Reclaimed Water Usage

  • Could our City please look into lobbying the Province to allow our high quality reclaimed water to be used to irrigate food crops?
    • I requested a letter to the province to lobby for the government to allow reclaimed water to be used on food crops
  • The City’s irrigation rates have been frozen for  many years now, and the financial impacts of freezing these rates was not calculated when the 2018 decision was made to freeze rates from 2022 through 2026.
  • The City’s costs to make reclaimed water only increases over time. That cost is much higher than what we get back in sales of reclaimed water.  Could we please have a look at how irrigation rates are set? According to the Province of BC, local governments must set fees so that “the amount of a fee should be sufficient to recover costs of a service and ensure its future sustainability. Fees are generally applied on a user-pay basis, so only those who benefit from the service bear the fee.”

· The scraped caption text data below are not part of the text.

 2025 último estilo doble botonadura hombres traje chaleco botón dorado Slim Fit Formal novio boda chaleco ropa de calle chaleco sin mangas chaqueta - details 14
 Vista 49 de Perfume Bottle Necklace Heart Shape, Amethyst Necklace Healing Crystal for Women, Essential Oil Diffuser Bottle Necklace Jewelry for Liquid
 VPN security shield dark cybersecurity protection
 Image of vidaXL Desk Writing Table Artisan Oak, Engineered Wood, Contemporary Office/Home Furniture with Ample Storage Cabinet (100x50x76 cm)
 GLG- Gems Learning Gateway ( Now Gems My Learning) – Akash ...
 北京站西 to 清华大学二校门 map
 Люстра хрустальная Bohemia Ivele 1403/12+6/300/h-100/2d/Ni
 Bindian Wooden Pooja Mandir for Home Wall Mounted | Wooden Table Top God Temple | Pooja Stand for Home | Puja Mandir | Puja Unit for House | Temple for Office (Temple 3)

Boat Launch without Drainage Improvement

  • Two boat launches are to be replaced in the Spring of 2023 
  • A problem drainage exists above the launch at 8835 Okanagan Landing Road that is likely to blow out any superficial repairs made to the toe of the boat launch.
  • A mapped stream runs through this neighbourhood.
  • How much is budgeted to resolve this drainage problem that also causes the flooding of public roads and private properties every year for months on end?

Raising Residential Sewer Rates, Building the ALC – it all adds up

  • Residential sewer rates were already set to rise 3% every year for 5 years, and now an additional 2.5% increase will be applied. Added up, residential sewer rates will have increased a whopping 18% by 2026.
  • By 2026, the average Vernon family will pay an extra $100 per year for sewer, and an extra $300 per year in property taxes for the Active Living Centre.

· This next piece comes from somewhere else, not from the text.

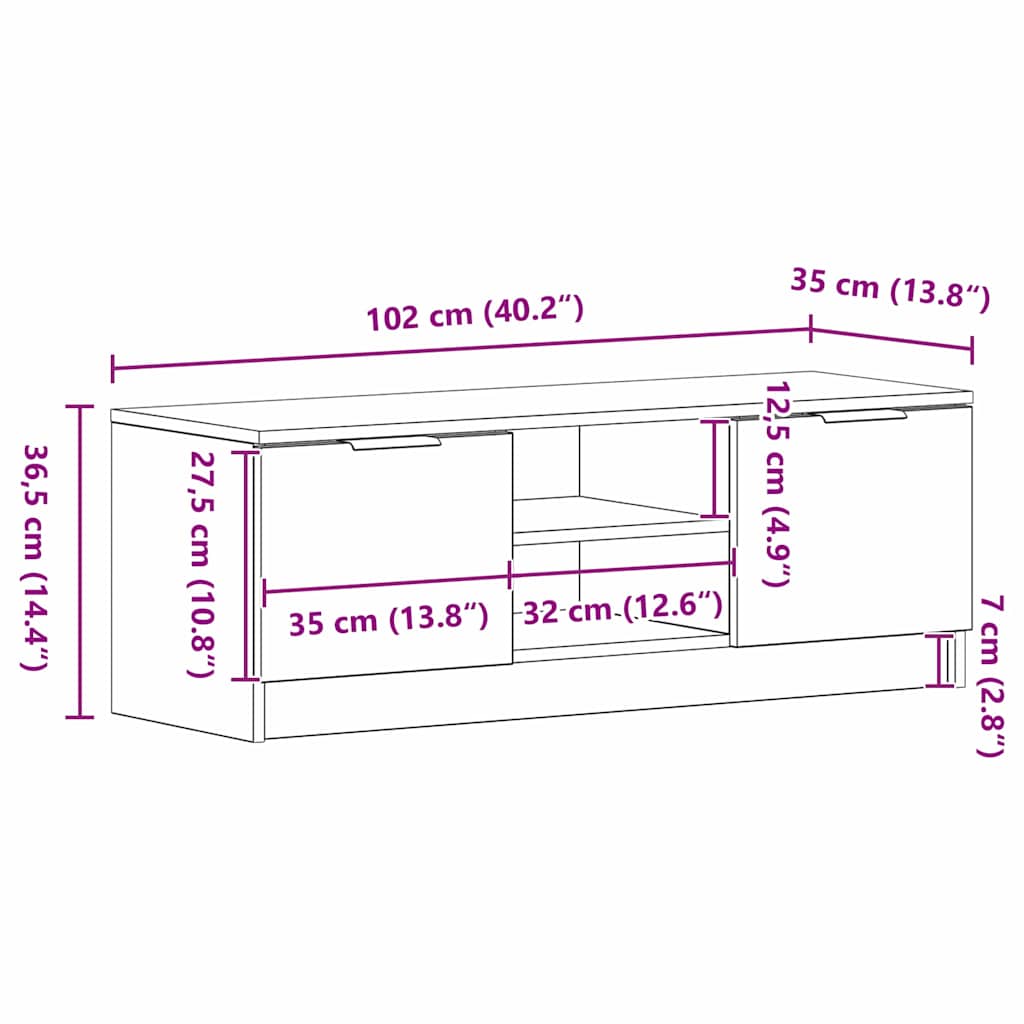 TV-skab Sort 102 x 35 x 36.5 cm Konstrueret træ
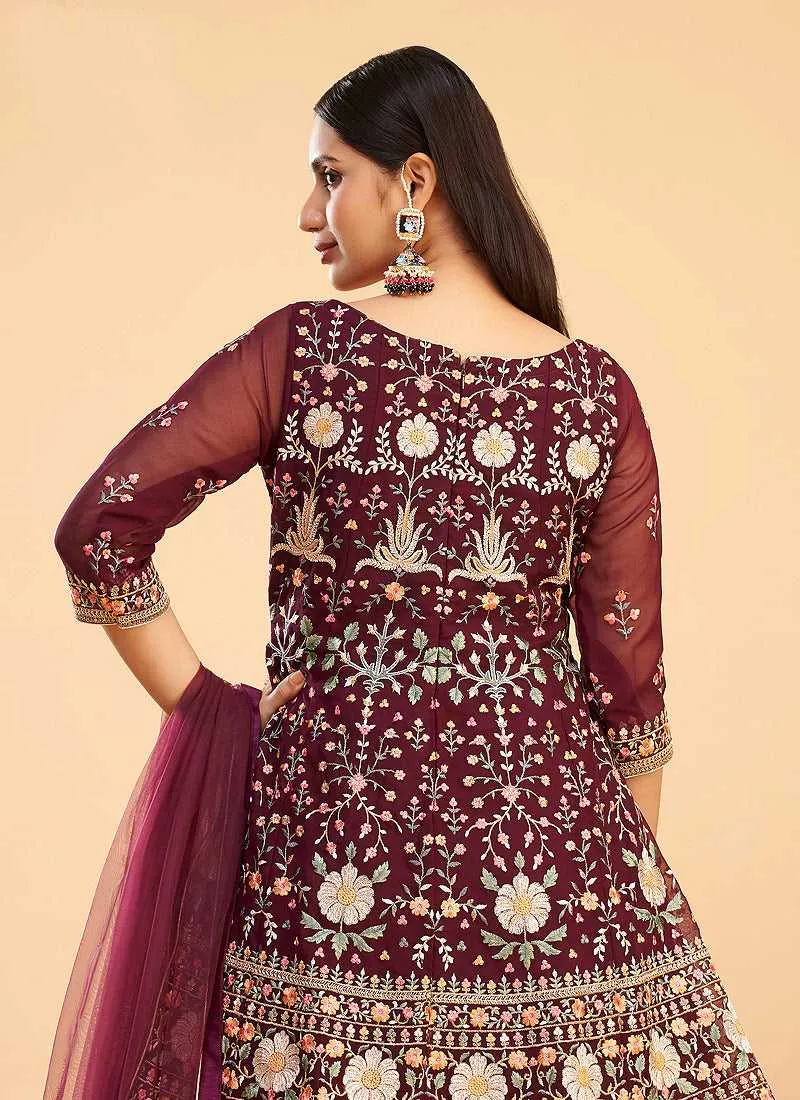 Maroon and Gold Floral Embroidered Stylish Pant Suit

City Council is now facing an uphill battle to raise sufficient revenue over the next 5 years.

Dawn Tucker – afternoon session:

How much more can we raise taxes?  Is this considered “fiscally responsible”?

After having reduced Development Cost Charges (DCCs) and removing more than $111 million worth of community projects from getting funded by developers, I wonder how this Council expects to address this ever-widening gap? You simply cannot tax residents that much more. 

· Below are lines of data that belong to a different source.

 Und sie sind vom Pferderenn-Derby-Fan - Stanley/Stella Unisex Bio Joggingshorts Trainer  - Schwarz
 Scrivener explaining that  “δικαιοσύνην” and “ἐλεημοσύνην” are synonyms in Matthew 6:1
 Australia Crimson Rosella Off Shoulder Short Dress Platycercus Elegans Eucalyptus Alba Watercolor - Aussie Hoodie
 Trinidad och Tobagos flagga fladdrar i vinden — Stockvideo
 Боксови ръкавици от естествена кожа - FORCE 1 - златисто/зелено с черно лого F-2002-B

Is Development paying for itself?

Development Cost Charges (DCCs) are monies that are collected from land developers by a municipality, to offset some of the infrastructure expenditures incurred, to service the needs of new development

https://www2.gov.bc.ca/gov/content/governments/local-governments/finance/local-government-development-financing/development-cost-charges

While other communities are raising DCCs, in 2020 Vernon City Council voted to reduce ours. Compared to Peachland, Penticton, Summerland, our DCCs are 20 to 30% lower. Considering the blistering pace of development and the increasing cost of everything, I do not believe it is necessary – nor wise – for our community to reduce DCCs. Our DCCs ought to be competitive with other communities in the valley, not lower.

Development ought to pay for itself and help build our community, not demand subsidies from our local government.

It is time for our corporate citizens to pay rates & fees that reflect the actual cost for our City to deliver the services.